Leigh argues Australia ‘desperately’ needs competition reforms

You could call it the 30-year itch.

Fred Hilmer’s sweeping competition policy review of 1992 and the reforms it sparked are back in the spotlight, as Labor attempts to communicate an economic vision that articulates more than the binary electoral mantra of rorts and waste before budget.

The Deputy Minister for Competition, Charities and the Treasury, Dr Andrew Leigh, swiftly reopened the debate on microeconomic reforms on Monday, warning that competition policy cannot be allowed to drift unguided between jurisdictions without federal leadership with a national vision.

In a substantial speech to be delivered today at the Sydney Talks lecture series, Leigh warns that the momentum for reform cannot wane if Australia is to continue to evolve and deliver prosperity to its citizens and to help vulnerable and disadvantaged people.

A key supporter of legislation banning rogue and unfair contracts from entrenched big Australian companies over smaller ones (think airlines, banks, supermarkets and utilities), Leigh argues that competition reforms must cross jurisdictions and that it is feasible.

“We desperately need competition reform,” Leigh said in her speech.

Charge competition prods

“A lot of the problems are at the state and territory level. Problematic privatizations. Restrictive zoning laws that hinder new startups. State housing taxes that make it expensive for people to move to get better jobs. Professional licensing rules that make it harder for startups and job changers. Energy markets that don’t work as well as they should.

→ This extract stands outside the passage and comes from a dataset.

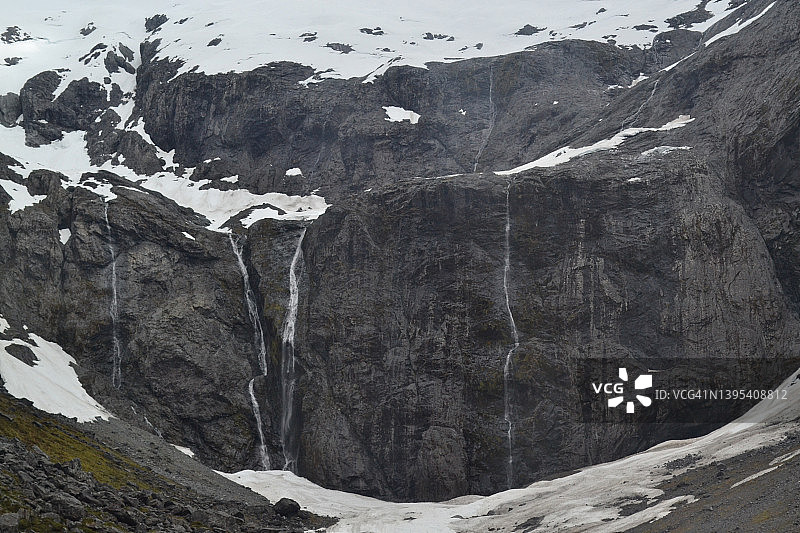 米尔福德峡湾的巨型岩层图片素材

Leigh’s main argument is that “one of the main ideas of economics is that competitive markets generally serve consumers better than private monopolies”.

The comment essentially argues that if private monopolies are created, they may as well be firmly guided if not held by the state to control them and prevent rapacious abuses.

“In Australia, competition is not just a national issue – it’s a pact between states, territories and the federal government. We have to work together to get it right.

If competition policy could lay the groundwork for another 1990s-style productivity boost, the result would be more innovation and more startups, more opportunity for workers, and more choice for consumers. Better use of technology and household budgets that go a step further. Leigh argues.

“In short, a faster economy.”

No small feat

Leigh is typically candid about the dry nervousness needed to dig up competition policy misfires and expose them to the sun as she reflects on how the Hilmer reforms were received by a more curious and patient press.

“Their proposals represented a comprehensive, cohesive, and comprehensive program of microeconomic reform, albeit one that political commentator Kerry O’Brien said might confuse a reporter’s eyes. And given Kerry O’Brien’s interest in programmatic specificity, that’s saying something,” Leigh joked.

He said it was difficult to grasp “the magnitude of the impact today, because it involved implementing so many things that we take for granted today”.

These included the introduction of national food standards, the abolition of price-fixing agricultural marketing boards, the deregulation of the dairy industry, and the deregulation of retail hours (in most jurisdictions).

“It meant families no longer had to shop in a mad, crowded rush on Saturday mornings before shops closed for the weekend,” Leigh said.

“The list goes on and on and includes a myriad of small reforms, such as the repeal of a NSW law limiting bread baking times.

“To think of a part of Australia where bakers couldn’t cook at particular times is to imagine a place that feels deeply alien. It’s like Doctor Who, but with cooking rules instead of aliens .

Leigh said the economic impacts of national competition policy were so significant that the reforms “transformed the nation’s zeitgeist”.

“They reminded us that at best Australia has been a world leader in social policy, tariff liberalisation, income contingent loans and more. Over these years, no country on the planet has moved further and faster than Australia to implement competition reform and improve living standards.